» **Goal of the exercise**:
Needed from the entries below: every line that holds the word "just".

***** Provided data

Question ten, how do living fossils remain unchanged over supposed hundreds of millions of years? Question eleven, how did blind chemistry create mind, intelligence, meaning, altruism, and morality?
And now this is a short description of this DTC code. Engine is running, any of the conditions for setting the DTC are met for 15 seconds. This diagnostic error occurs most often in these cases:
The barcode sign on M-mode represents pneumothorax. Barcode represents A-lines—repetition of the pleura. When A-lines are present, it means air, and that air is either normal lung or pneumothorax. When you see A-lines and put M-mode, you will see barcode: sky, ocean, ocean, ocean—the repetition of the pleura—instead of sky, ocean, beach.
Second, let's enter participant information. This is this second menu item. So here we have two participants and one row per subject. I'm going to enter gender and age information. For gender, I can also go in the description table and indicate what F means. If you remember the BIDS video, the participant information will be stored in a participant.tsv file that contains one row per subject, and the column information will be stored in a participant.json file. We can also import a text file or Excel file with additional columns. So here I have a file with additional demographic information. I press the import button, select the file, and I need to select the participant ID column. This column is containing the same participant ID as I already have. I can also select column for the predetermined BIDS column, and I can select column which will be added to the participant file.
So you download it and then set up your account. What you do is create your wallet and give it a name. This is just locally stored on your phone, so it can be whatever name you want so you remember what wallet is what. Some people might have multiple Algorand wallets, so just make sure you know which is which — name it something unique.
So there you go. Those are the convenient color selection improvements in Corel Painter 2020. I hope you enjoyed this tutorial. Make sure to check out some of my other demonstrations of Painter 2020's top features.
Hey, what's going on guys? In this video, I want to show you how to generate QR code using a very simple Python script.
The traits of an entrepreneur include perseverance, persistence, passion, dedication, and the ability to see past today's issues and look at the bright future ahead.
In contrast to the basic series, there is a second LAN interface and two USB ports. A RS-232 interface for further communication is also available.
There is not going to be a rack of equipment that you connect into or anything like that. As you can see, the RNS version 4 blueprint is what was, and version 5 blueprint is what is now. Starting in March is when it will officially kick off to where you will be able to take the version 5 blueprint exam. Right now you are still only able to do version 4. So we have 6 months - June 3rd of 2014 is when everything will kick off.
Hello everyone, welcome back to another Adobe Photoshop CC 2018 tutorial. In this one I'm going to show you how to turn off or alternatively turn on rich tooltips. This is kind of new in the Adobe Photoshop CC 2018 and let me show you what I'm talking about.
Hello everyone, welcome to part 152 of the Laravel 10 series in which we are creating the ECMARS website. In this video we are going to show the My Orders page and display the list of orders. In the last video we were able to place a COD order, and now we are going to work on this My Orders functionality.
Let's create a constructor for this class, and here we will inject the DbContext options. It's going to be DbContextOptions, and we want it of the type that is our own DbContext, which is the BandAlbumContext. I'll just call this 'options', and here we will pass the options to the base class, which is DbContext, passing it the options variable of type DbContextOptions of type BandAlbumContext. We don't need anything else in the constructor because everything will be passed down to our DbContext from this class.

**********

» **Result**:
So you download it and then set up your account. What you do is create your wallet and give it a name. This is just locally stored on your phone, so it can be whatever name you want so you remember what wallet is what. Some people might have multiple Algorand wallets, so just make sure you know which is which — name it something unique.
Let's create a constructor for this class, and here we will inject the DbContext options. It's going to be DbContextOptions, and we want it of the type that is our own DbContext, which is the BandAlbumContext. I'll just call this 'options', and here we will pass the options to the base class, which is DbContext, passing it the options variable of type DbContextOptions of type BandAlbumContext. We don't need anything else in the constructor because everything will be passed down to our DbContext from this class.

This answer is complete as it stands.